C#
C#

help

Root Question Message

Azure
Azure9/6/2022
File comparison

I want to compare two files very fast, I've implemented a full comparison (Comparing size / 1024 bytes spans),
but I feel like there might some very unique info in File headers that I can use for my comparison.
What do you think?
toddlahakbar
toddlahakbar9/6/2022
If you want a full comparison, then do a full comparison
toddlahakbar
toddlahakbar9/6/2022
Also last- first is usually a really quick algorithm to search
mtreit
mtreit9/6/2022
@531896925838901268 what do you mean by unique info in file headers? What kind of files are we talking about?
Susko3
Susko39/6/2022
if you want to do it really fast, then look into vectorization with eg.
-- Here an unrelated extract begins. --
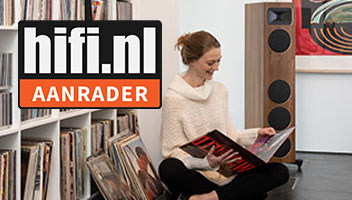 MartinLogan Foundation F1 met korting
Vector256 class
Susko3
Susko39/6/2022
I suppose you're comparing for (in)equality?
Jester
Jester9/7/2022
the bottle neck is probably just reading the files
Azure
Azure9/7/2022
any i guess, there must be some info that describes the file
Azure
Azure9/7/2022
to the OS
Azure
Azure9/7/2022
in some of these bytes
Azure
Azure9/7/2022
yes
Kouhai
Kouhai9/7/2022
what do you mean info that describes the file?
Azure
Azure9/7/2022
Headers that OS use to identify it.
I am just guessing
Kouhai
Kouhai9/7/2022
If you're doing full file comparison, why would the file headers matter 😅 ?
Azure
Azure9/7/2022
I dont really want to do full comparison, I want to do it as fast as possible
Azure
Azure9/7/2022
I need to compare them, but going full size is more expensive
Azure
Azure9/7/2022
so I decided to find some array of bytes that can be compared
Azure
Azure9/7/2022
instead of the entire file
Susko3
Susko39/7/2022
compare sections and stop when you find a non-matching section, makes sense
Susko3
Susko39/7/2022
the important question for you may be: "where do the files usually differ?"
Susko3
Susko39/7/2022
maybe in the beginning, maybe in the end?
Azure
Azure9/7/2022
yes! i want to find out
Kouhai
Kouhai9/7/2022
The header for two files can be the same but the rest Is different, even for a simple bmp file.
Azure
Azure9/7/2022
hmm, got it
Susko3
Susko39/7/2022
well.... you're the one with the files
Jester
Jester9/7/2022
its possible to listen for file chanfes in a folder. maybe make a hash for every changed file so you can compare hashes?
Jester
Jester9/7/2022
oh yea you can also compare the file name first and then the last modified date
mtreit
mtreit9/7/2022
Files are completely arbitrary sequences of bytes. Unless you are restricted to a very specific file format you can't rely on headers - many file formats have no headers. (Think of a text file)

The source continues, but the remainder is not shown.